The important implication here is that no matter how many cores or GPUs you request per node, your job will be assigned and charged for all CPU cores or GPU devices on each node. Requesting less than 128 ncpus in an exclusive job also reduces the ability of parallel libraries like MPI to load balance across all network devices, potentially reducing performance. We recommend you always request ncpus=128 for node-exclusive Derecho jobs.

Other resources such as mpiprocs, ompthreads, and mem do not currently impact job charging.

Derecho node charging

Your batch script indicates how many Derecho nodes your job will use.

In this example, you have selected 2 nodes, each of which has 128 cores, all of which will be used as MPI "ranks."

#PBS -l select=2:ncpus=128:mpiprocs=128
Your job will be charged for the use of 256 cores.

In this example, you have selected 4 nodes, each of which has 128 cores.

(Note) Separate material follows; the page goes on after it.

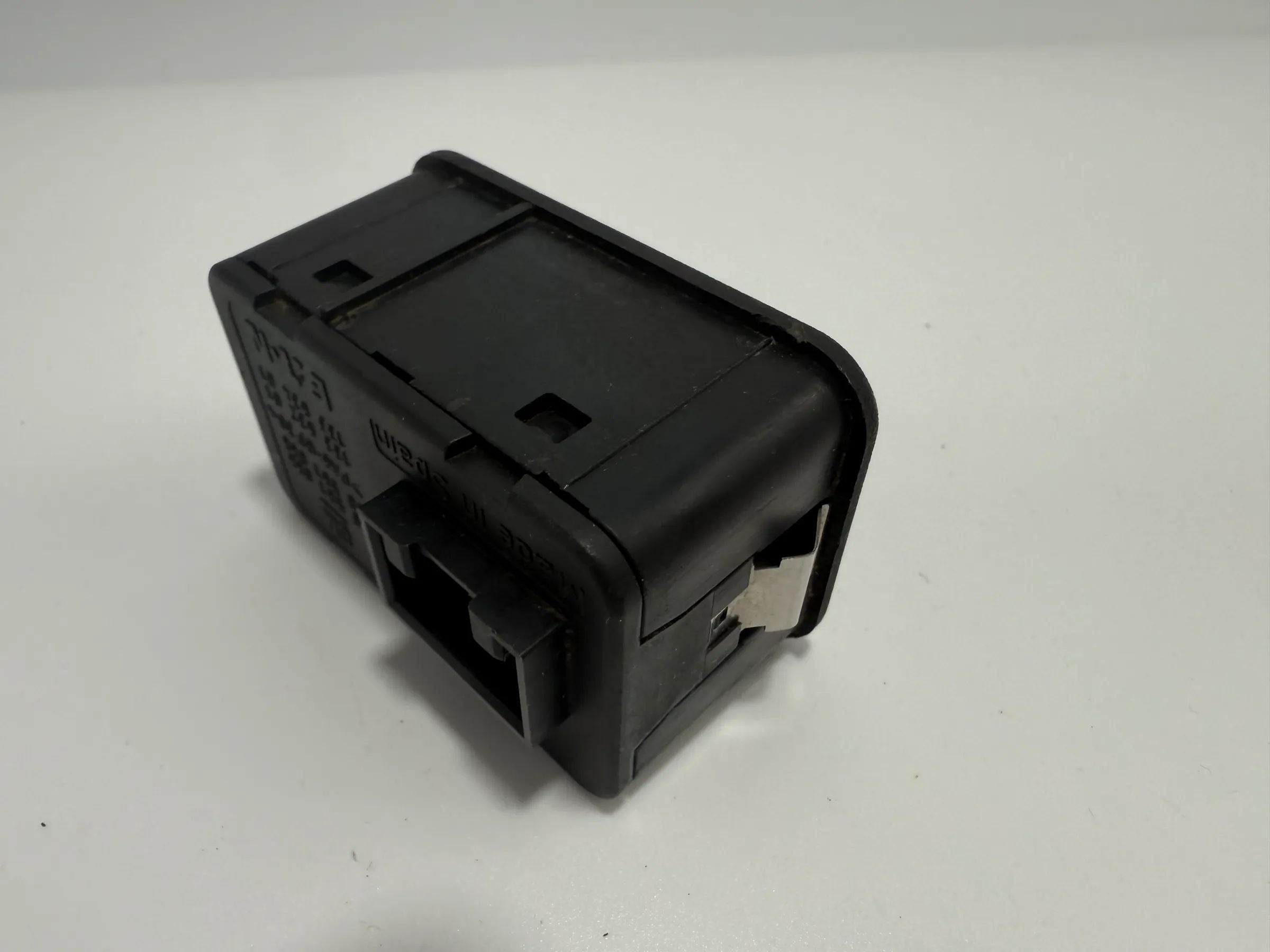 Oryginalny przełącznik szyb lewy Opel Astra G Delphi 13363201 / 90561088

Each node will have 32 MPI ranks and 4 OpenMP threads.

#PBS -l select=4:ncpus=128:mpiprocs=32:ompthreads=4

Your job will be charged for the use of 512 cores.

In this example, you have selected 2 nodes, each of which has 128 cores. To double the available memory per rank, you elect to "under-subscribe" the node, that is, only use 64 cores as MPI ranks.

#PBS -l select=2:ncpus=128:mpiprocs=64:mem=235GB

Your job will be charged for all 256 cores, even though you are only using 128 (assuming your code has no hybrid parallel capability - e.g OpenMP or other threading).

Exclusive nodes are charged by resource allocation, not utilization

All main queue Derecho jobs grant exclusive use of nodes, so jobs submitted to Derecho queues are charged for all 128 CPU cores or 4 GPUs on each node that is allocated regardless of how many cores or GPUs are used.

Requesting a Derecho CPU node for 1 hour will result in a 128 core hour charge, even if left idle by the user.

Shared nodes

Charges for jobs that you run on a shared node, including all Casper jobs and Derecho jobs submitted to the develop queue, are calculated by this formula:

Formula for shared use charging
wall-clock hours x cores or GPUs requested

The primary difference being that shared jobs will only be charged for the number of cores (ncpus) or GPUs (ngpus) requested, rather than the entirety of the relevant resource for the requested number of nodes.

Checking and managing charges

Users can check computing and storage charges through the CISL Systems Accounting Manager. (Go to SAM documentation or to SAM app.) Job history is ingested into the SAM database daily, so recently completed jobs may not appear in your project record.

If you have concerns about using your allocation most efficiently, contact the NCAR Research Computing help desk for guidance. Sometimes jobs can be configured to make better use of the processors, and you may be able to save by using a less expensive queue.

CISL can refund core-hours if system failures cause jobs to fail and the failed jobs are reported promptly. Use this core-hours refund request form (login required) if you think a refund is warranted. It is easier for us to verify recent failures (from the past 3 days), so a prompt report is recommended.